"Woe to you Pharisees! You pay tithes of mint and of rue
and of every garden herb, but you pay no attention to judgment and
to love for God."
In today’s gospel, addressing his message to the Pharisees, the teachers – and to us – he tries to grab our attention: “Woe to you!” His message to the Pharisees is not about paying the prescribed tithes under the Law of Moses but about ignoring those things which Jesus considers more important, including the love of God and of other people.
He chastises Pharisees for accepting honors and recognition in their relatively easy life while their unbending adherence to the law made life so much more difficult for everyone else. When the scholars protest, feeling they might have been insulted by his words, he makes clear that they have, telling them, “You impose on people burdens hard to carry, but you yourselves do not lift one finger to touch them.”
In our lives today, Jesus’ message is as powerful as ever. Often, our critical eye doesn't miss a thing done incorrectly by our enemies, our politicians, those who are not our friends and sometimes those we simply don't want to understand. We are quick with our criticism and sharp with our judgment. And too often, we are also quick to absolve ourselves of the sins we can see so clearly in others.
Today's gospel might inspire us to take a one-day moratorium from criticizing anyone. It's a small start that could make us more aware of how we really see things. We can begin by asking Jesus for his help. We can beg for forgiveness from our picking and nagging and the unconscious stream of clever commentary we might carry with us while dealing with spouses, families, someone in the grocery store or even while getting the day's news.
Dear Jesus, help me for this day to love people as you love them.
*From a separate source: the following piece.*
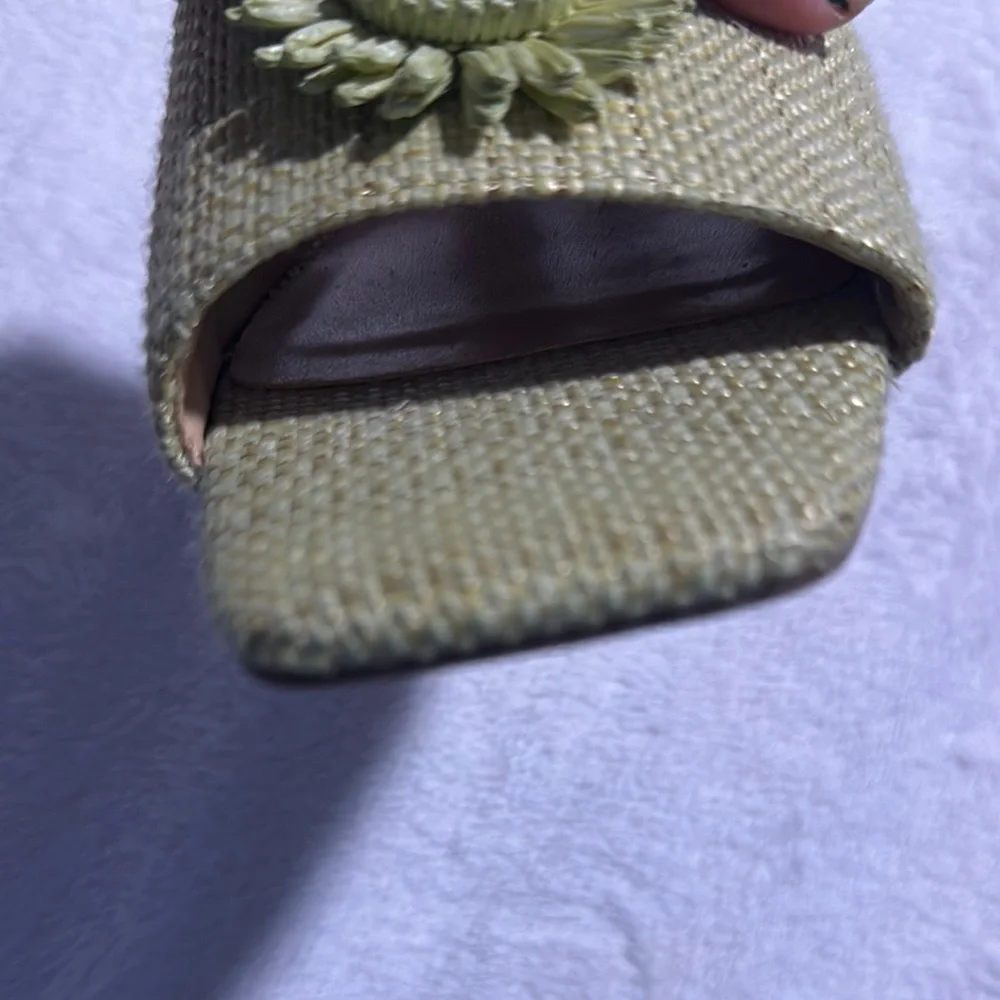 Bandolino Green Mules with Nature-Inspired Design - Picture 5 of 8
Help me to bite my tongue and offer forgiveness with a generous heart. Let me try to understand others as you understand me in all of my flawed humanity. Thank you for your many gifts in my life. May I appreciate them and be more grateful for what I have been given.
It is when we are more aware of how deeply we are loved by God that we can be moved by the gratitude that will ease the judgmental burden we carry with us so often.